Data analysis

The analysis was undertaken on an intention-to-treat basis: patients were analyzed according to treatment allocated, irrespective of whether they received that treatment. The outcomes used were 1) OS, defined as the time from random assignment to death from any cause, censoring patients who had not died at the date last known alive; 2) PFS, defined as the time from random assignment to first documented progression.

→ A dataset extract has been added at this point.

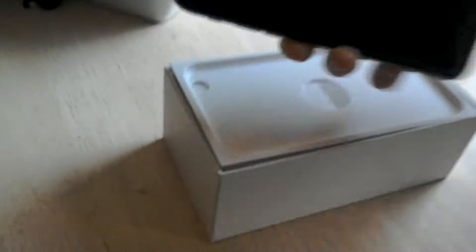Okay, can you hold the camera for me? Sure. So there's the lid. Here we go. So this is the unboxing - apple logo. Look at that! This is the iPhone 6.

Statistical analysis of the overall hazard ratio (HR) for OS and PFS was calculated using Version 2 of the Comprehensive Meta analysis program (Biostat, Englewood, NJ, USA). A statistical test with a P-value less than 0.05 was considered significant. HR >1 reflected more deaths or progression in AI-containing regimens group, and vice versa. Between-study heterogeneity was estimated using the χ2-based Q statistic.21 The I2 statistic was also calculated to evaluate the extent of variability attributable to statistical heterogeneity between trials. Heterogeneity was considered statistically significant whenPheterogeneity<0.05 or I2>50%. If heterogeneity existed, data were analyzed using a random effects model. In the absence of heterogeneity, a fixed-effects model was used. The presence of publication bias was evaluated by using the Begg and Egger tests.22 All P-values were two sided. All confidence intervals (CIs) had a two-sided probability coverage of 95%.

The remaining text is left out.